● Items listed in a dataset

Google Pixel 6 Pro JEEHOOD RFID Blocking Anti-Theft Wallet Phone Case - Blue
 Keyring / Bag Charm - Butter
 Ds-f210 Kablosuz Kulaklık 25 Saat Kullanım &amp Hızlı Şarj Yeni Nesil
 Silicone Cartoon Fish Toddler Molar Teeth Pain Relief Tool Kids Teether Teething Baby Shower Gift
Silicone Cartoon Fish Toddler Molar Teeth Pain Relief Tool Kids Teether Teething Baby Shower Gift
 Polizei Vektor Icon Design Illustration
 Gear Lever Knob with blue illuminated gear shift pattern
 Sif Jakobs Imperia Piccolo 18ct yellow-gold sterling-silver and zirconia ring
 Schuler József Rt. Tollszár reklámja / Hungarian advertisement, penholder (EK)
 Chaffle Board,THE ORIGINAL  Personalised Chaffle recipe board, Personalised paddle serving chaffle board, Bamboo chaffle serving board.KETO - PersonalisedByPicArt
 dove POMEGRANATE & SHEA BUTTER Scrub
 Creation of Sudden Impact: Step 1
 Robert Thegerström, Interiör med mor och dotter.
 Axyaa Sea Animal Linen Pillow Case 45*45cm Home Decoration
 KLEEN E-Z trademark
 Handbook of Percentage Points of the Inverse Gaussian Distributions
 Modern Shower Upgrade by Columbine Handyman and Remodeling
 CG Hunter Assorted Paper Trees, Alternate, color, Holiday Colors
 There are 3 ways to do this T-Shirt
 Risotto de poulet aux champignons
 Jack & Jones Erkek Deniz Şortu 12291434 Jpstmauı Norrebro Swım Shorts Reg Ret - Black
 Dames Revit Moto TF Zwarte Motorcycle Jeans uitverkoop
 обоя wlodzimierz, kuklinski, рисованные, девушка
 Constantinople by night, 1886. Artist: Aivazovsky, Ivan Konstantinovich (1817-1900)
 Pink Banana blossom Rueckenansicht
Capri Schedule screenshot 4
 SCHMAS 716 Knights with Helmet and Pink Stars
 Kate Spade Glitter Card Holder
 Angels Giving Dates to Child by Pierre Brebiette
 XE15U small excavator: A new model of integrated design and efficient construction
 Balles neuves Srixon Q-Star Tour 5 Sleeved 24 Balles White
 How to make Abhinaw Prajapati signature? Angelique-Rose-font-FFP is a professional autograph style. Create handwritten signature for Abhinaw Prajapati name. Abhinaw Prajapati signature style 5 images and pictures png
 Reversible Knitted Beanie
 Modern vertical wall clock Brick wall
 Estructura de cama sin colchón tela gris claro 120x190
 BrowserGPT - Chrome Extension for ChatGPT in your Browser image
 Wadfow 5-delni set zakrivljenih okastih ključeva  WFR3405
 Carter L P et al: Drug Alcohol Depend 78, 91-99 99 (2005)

● Work required
Copy out only the lines of the records above from the one with "Polizei Vektor Icon Design Illustration" through the one with "Balles neuves Srixon", exactly as they stand, both included.

● Task answer
 Polizei Vektor Icon Design Illustration
 Gear Lever Knob with blue illuminated gear shift pattern
 Sif Jakobs Imperia Piccolo 18ct yellow-gold sterling-silver and zirconia ring
 Schuler József Rt. Tollszár reklámja / Hungarian advertisement, penholder (EK)
 Chaffle Board,THE ORIGINAL  Personalised Chaffle recipe board, Personalised paddle serving chaffle board, Bamboo chaffle serving board.KETO - PersonalisedByPicArt
 dove POMEGRANATE & SHEA BUTTER Scrub
 Creation of Sudden Impact: Step 1
 Robert Thegerström, Interiör med mor och dotter.
 Axyaa Sea Animal Linen Pillow Case 45*45cm Home Decoration
 KLEEN E-Z trademark
 Handbook of Percentage Points of the Inverse Gaussian Distributions
 Modern Shower Upgrade by Columbine Handyman and Remodeling
 CG Hunter Assorted Paper Trees, Alternate, color, Holiday Colors
 There are 3 ways to do this T-Shirt
 Risotto de poulet aux champignons
 Jack & Jones Erkek Deniz Şortu 12291434 Jpstmauı Norrebro Swım Shorts Reg Ret - Black
 Dames Revit Moto TF Zwarte Motorcycle Jeans uitverkoop
 обоя wlodzimierz, kuklinski, рисованные, девушка
 Constantinople by night, 1886. Artist: Aivazovsky, Ivan Konstantinovich (1817-1900)
 Pink Banana blossom Rueckenansicht
Capri Schedule screenshot 4
 SCHMAS 716 Knights with Helmet and Pink Stars
 Kate Spade Glitter Card Holder
 Angels Giving Dates to Child by Pierre Brebiette
 XE15U small excavator: A new model of integrated design and efficient construction
 Balles neuves Srixon Q-Star Tour 5 Sleeved 24 Balles White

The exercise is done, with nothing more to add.